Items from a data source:
- - - - -

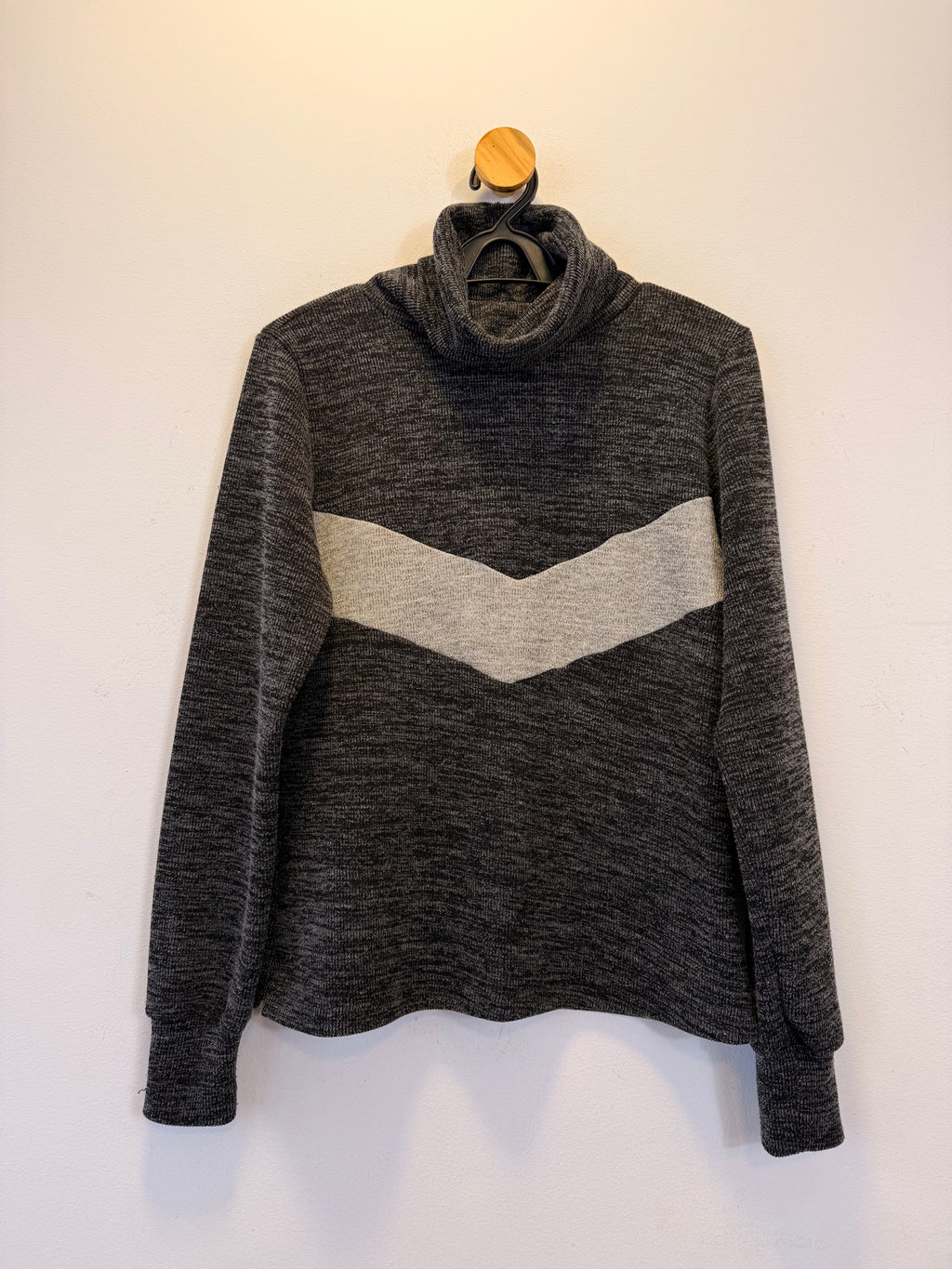 Conjunto Cinza Yolo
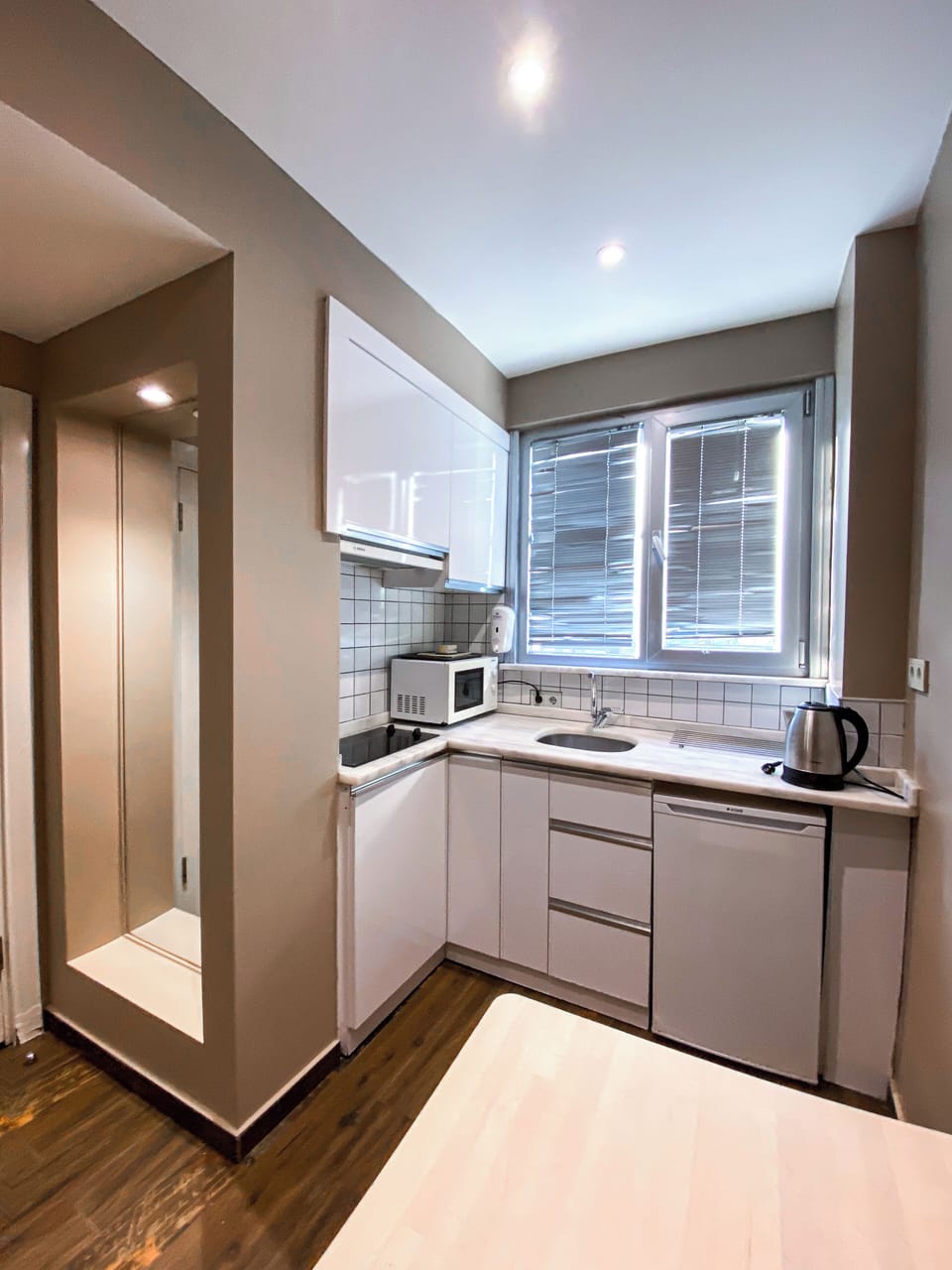 Family Apartment | Living area | LCD TV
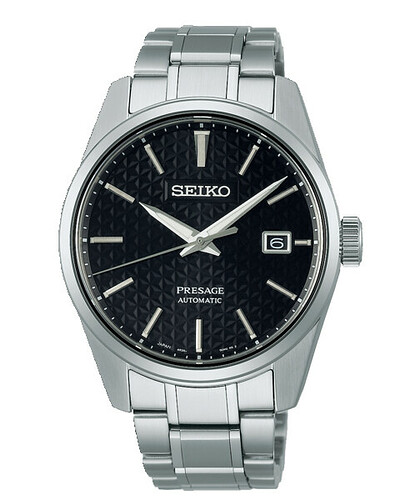 seiko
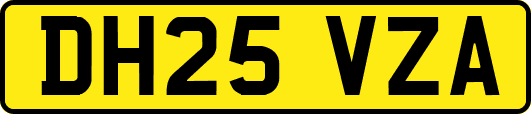 DH25VZA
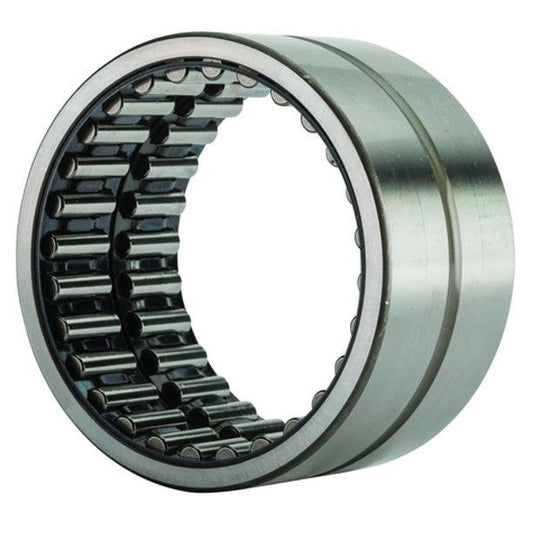 RNA6904 Needle Roller Bearing 25x37x30mm - Machined Type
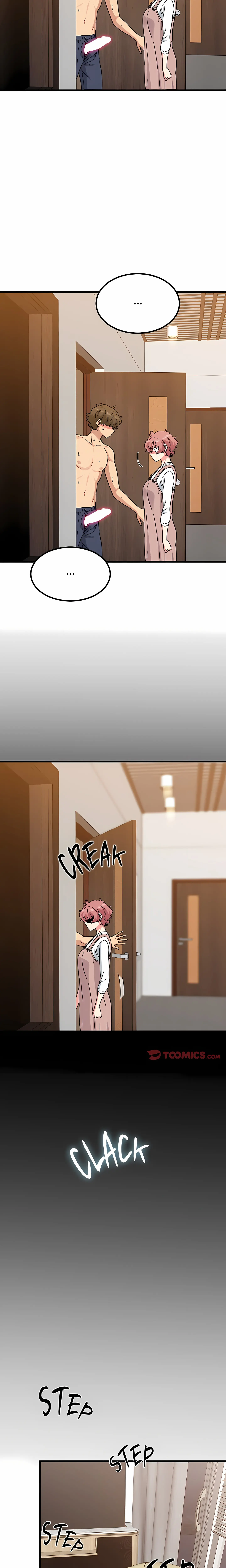 A Turning Point Chapter 144 - Page 22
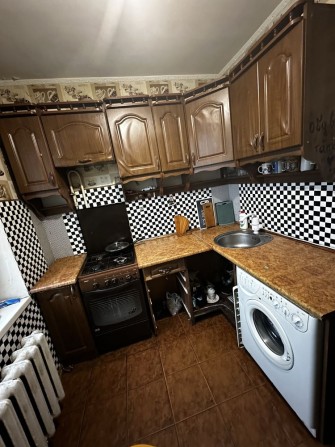 Продаж 2-К кімнатної квартири 45м2 вул. Василя Порика 15 - фото 1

- - - - -

**REQUIREMENT:** Please retype the whole of the data precisely, omitting pictures.

**ANSWER AREA:**
 Conjunto Cinza Yolo
 Family Apartment | Living area | LCD TV
 seiko
 DH25VZA
 RNA6904 Needle Roller Bearing 25x37x30mm - Machined Type
 A Turning Point Chapter 144 - Page 22
 Продаж 2-К кімнатної квартири 45м2 вул. Василя Порика 15 - фото 1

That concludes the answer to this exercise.